Plans lodged for 49 new houses in Coldstream

AFTER receiving a largely favourable response to their development at Leet Haugh in Coldstream, Hudson Hirsel have now lodged an application for a further 49 homes on the site.

But whilst mid-Berwickshire councillor Donald Moffat said he would welcome the houses, particularly if they were to provide further employment for local tradesmen, a resident living near to the site said they weren’t sure the demand was there for more homes.

Work on the 105 plot first phase of the development, which saw its first tenants move in in February, started in 2010 and after generating what Jamie Hudson, director of Hudson Hirsel described as “an encouraging demand in a very subdude market”, the firm are keen to extend the development to build on their success on a piece of land allocated as suitable for housing in the most recent Local Plan.

The application was only officially registered by Scottish Borders Council in the last few days, meaning it could well be a good few months before it is even discussed by councillors and planning officials.

But after working closely with SBC’s planning department while putting the new proposals together, Jamie said he was “hopeful” they would receive the green light.

He told ‘The Berwickshire News’: “The public reaction to Leet Haugh has, in the main, been positive.
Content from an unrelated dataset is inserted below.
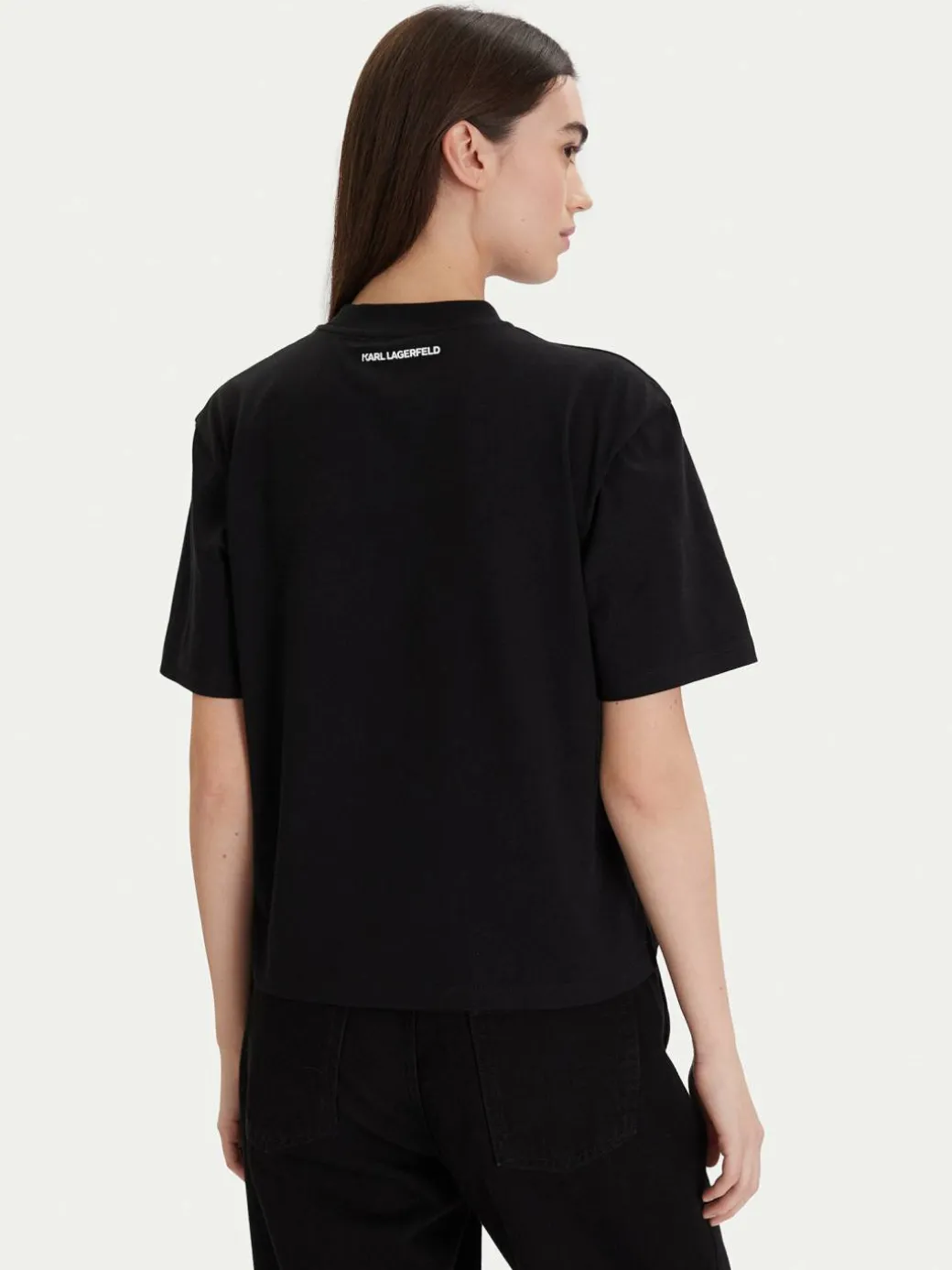 T-shirt A1W17013 Nero Relaxed Fit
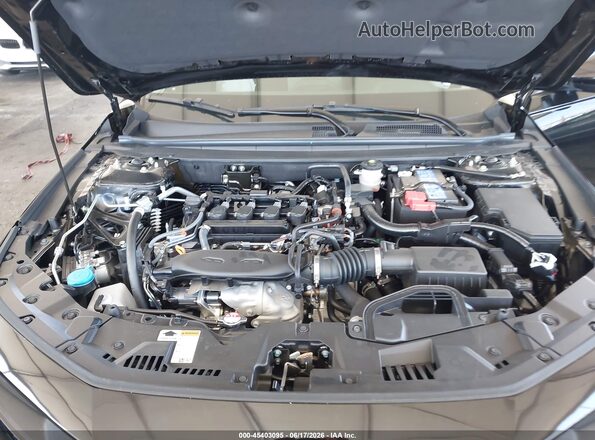 1HGCY1F43TA024329 2026 HONDA ACCORD Black Rear view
I’m hopeful that people will react to our new proposals just as warmly, we’ve already one consultation back which which was very positive. We’ve been in discussions with planners and taken onboard their views.”

Like Leet Haugh, the second phase of houses is a joint enterprise by Hudson Hirsel and Douglas and Angus Estates. If given the go-ahead the development will be led by Borders-based architects Aitken Turnbull and Jamie said it was important that the project used local tradesmen wherever possible.

“We try to keep things in the Borders as much as we can; 80 per cent of those who worked on Leet Haugh were from the region and we’re keen to continue this should we be granted permission for the second phase.

“It was a concerted effort by ourselves to make the new development one which would have a positive impact for the people of Coldstream and the wider Borders.”

Councillor Donald Moffatt said he was encouraged by this stance, commenting: “I went up to the site when they had just started on the first phase and virtually everyone working there was from the Borders. I’ve spoken to the people in charge and they mentioned the possibility of taking on apprenticeships- I would certainly welcome that. It would be the perfect opportunity for a young person to learn a trade, be it as a brickie, electrician etc.”

The news of Hudson Hirsel’s new application for the Leet Haugh site hasn’t gone done that well with everyone though, with one resident commenting: “We always knew Hudson Hirsel had plans to go ahead with a second phase of development, so it is no real surprise. The phase two development will certainly spoil the view for some residents who live in Hirsel View, Hirsel Place and Bennecourt Crescent. Their back gardens currently have a nice outlook but that will all be gone.

“There are already quite a few houses for sale in Coldstream, so I’m not convinced there is a demand for another 49.

“Having said that, the plans for new development look attractive and the new houses should fit in well with the estate we live in. If this new development helps Coldstream, then we can only support it.